People are fed-up with what is being called "second degree spam", e-mails from companies about products they are not interested in, says a survey.
'Second degree spam' is set to rise
Even if people signed up to be sent news or offers, NCorp's survey says over half see them as irrelevant spam.
From December, EU rules to tackle spam will force companies to ask customers for permission before sending e-mails.
As a result, second degree spam will "worsen", says NCorp's Martin Blackburn, damaging consumer loyalty.
Big turn off
"Sending spam is completely socially unacceptable, whatever form it takes," says Mr Blackburn, NCorp's managing director.
But one in six spam e-mails arriving in UK inboxes is from companies sending information about irrelevant products or services, according to the survey.
The problem is set to worsen with the UK and EU ban on unsolicited communication, thinks Mr Blackburn, as more businesses use opt-in mailing lists as a way to sell goods.
People find these e-mails highly irritating if they have not been tailored to what interests them.
As a consequence, many are turned off and distrustful of the company and what they offer, Mr Blackburn suggests.
Over 95% of people questioned in the survey said they thought companies had an obligation to make more of an effort to only send out information pertinent to them.
"I think businesses are being lazy in designing their communications," says Mr Blackburn.
"It is easier in their minds to send the same thing to everyone, but where is the effort?"
"If you imagine walking down the street on holiday in the evening and you get stopped outside every restaurant trying to get you in, it is annoying to the point it puts people off going back there."
"That is a fairly close analogy to this kind of spam because you are getting annoyed by things you didn't ask for."

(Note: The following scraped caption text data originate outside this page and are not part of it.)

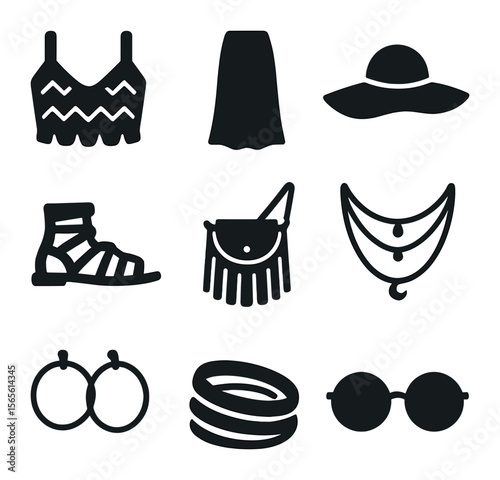 Boho Summer Icons. Solid, filled icons set of boho summer fashion: crochet top, maxi skirt, floppy hat,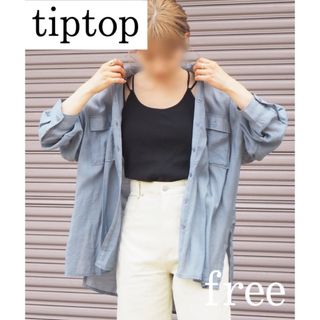 ティップトップ(tip top)の【tiptop】ビックシアーTシャツ  ブルー / 大きいサイズ(シャツ/ブラウス(長袖/七分))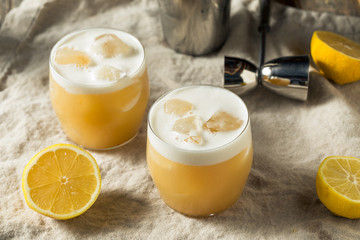 Alcoholic Tequila Lemon Sour Cocktail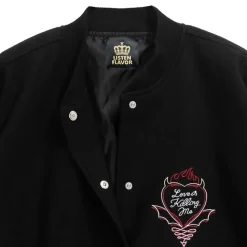 LISTEN FLAVOR Black Devil Heart Leather Sleeve Sutajan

If companies do not make more effort to personalise e-mails to people, e-mail marketing could potentially be damaged permanently, thinks Mr Blackburn.
'Toothless' spam ban
Spam now accounts for more than half of all e-mail traffic, and legalisation banning unsolicited e-mails sent from within the UK to personal addresses seeks to curb that.

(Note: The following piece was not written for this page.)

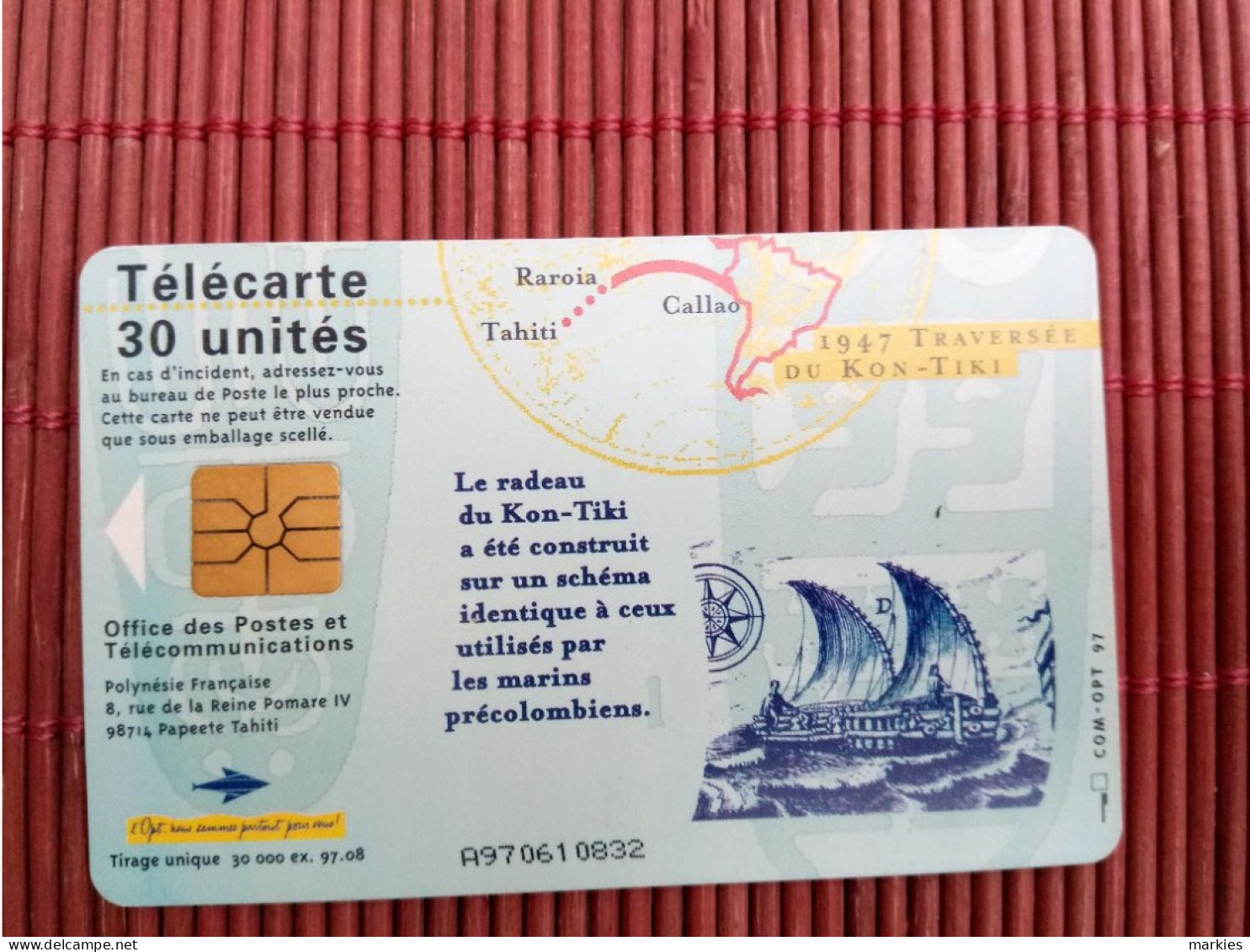 Phonecard French Polynesia 30 Units Used Only 30.000 Ex Made Are - Polinesia Francese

But it will not impact spam in the way it was envisaged when the "toothless" legislation was set out, Mr Blackburn says, with spammers moving towards using opt-in mailing lists to "cover themselves".
There also needs to be an enforcement of standards to make it easier for people to unsubscribe from mailing lists.
Currently, it is not made obvious on many mailing list e-mails how to opt-out once you have started receiving them, but Mr Blackburn suggests unsubscribing should be no more than a couple of clicks away.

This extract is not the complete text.